Non-governmental organizations have had to intervene to prevent minors from interrupting their treatment.
QUINTANA ROO, (May 28, 2021).- Quintana Roo, like other states of the Republic, faces a shortage of medicines to treat childhood cancer, so organizations have had to intervene to prevent minors from interrupting their treatment.
Yussi Evelyn Dzib Echeverria, president of Fundación Aitana, explained that last week they had to support patients from Chetumal with 40 doses of vincristine (a drug to treat leukemia), and in the coming days, they will also be sending methotrexate.
“There is a shortage here, that the government doesn’t want to talk about, it’s different. Our children from Quintana Roo go to Mérida to receive their treatment so when they arrive, they are told there is no medicine and they have to come back, ” she said.
“In this way, it is that the minors of the state have been able to continue their treatment since the parents or the doctors inform which drugs are the ones that are needed so that these can be obtained in advance,” she continued.

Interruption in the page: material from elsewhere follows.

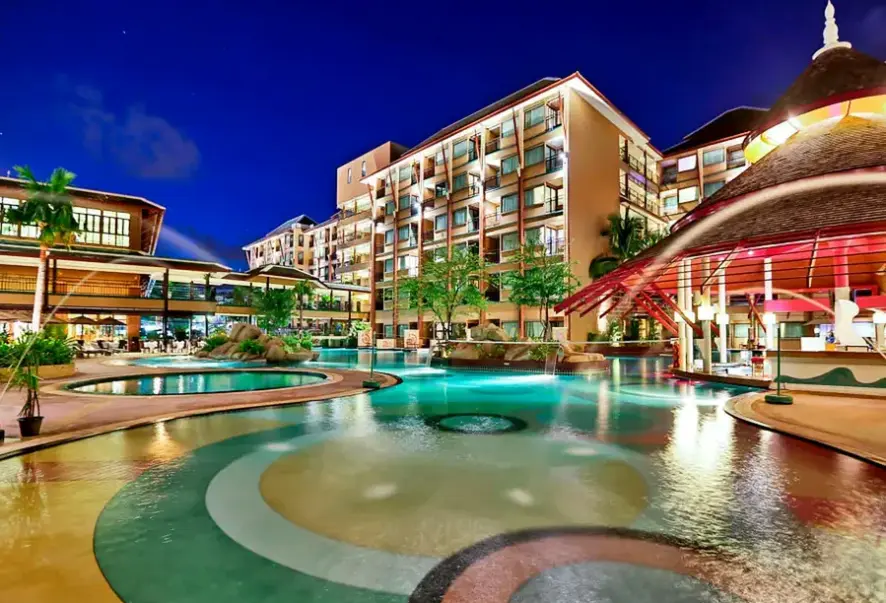 Basen w hotelu Novotel Phuket Vintage Park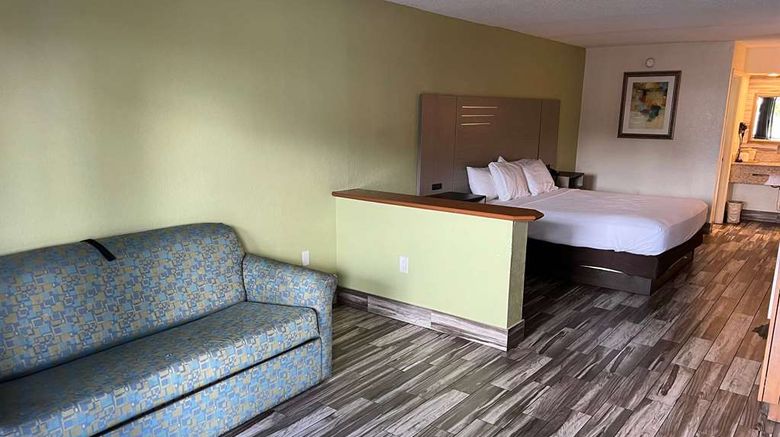 <b>Baymont by Wyndham Orlando Downtown Room</b>. Images powered by <a href="https://iceportal.shijigroup.com/" title="IcePortal" target="_blank">IcePortal</a>.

Dzib Echeverria indicated that this has not only affected children with cancer, but also adult patients, who have asked the Foundation for assistance to buy the medicines they need.
The interviewee indicated that the problem could increase, since the pharmaceutical companies have warned of the next shortage of other substances, such as cytarabine and leunase.
“Several laboratories have warned us that there is a shortage of medicine, so we buy a little more to have it in stock, and on the day that it is not available, we will have it and that is how we have been working since last year when we had the problem with methotrexate, ” she said.
In addition to the shortage, the organizations have faced an increase in drug costs, whose prices generally range between 500 and 800 pesos and that in times of shortage exceed 1,200 pesos.
Due to this, Fundación Aitana has resorted to various schemes and activities to raise resources and continue the purchase of medicines.
The Foundation recently chose to install a stand for the sale of food and water outside the vaccination module of the Jacinto Canek gym, to continue financing the treatment of children with cancer in Quintana Roo.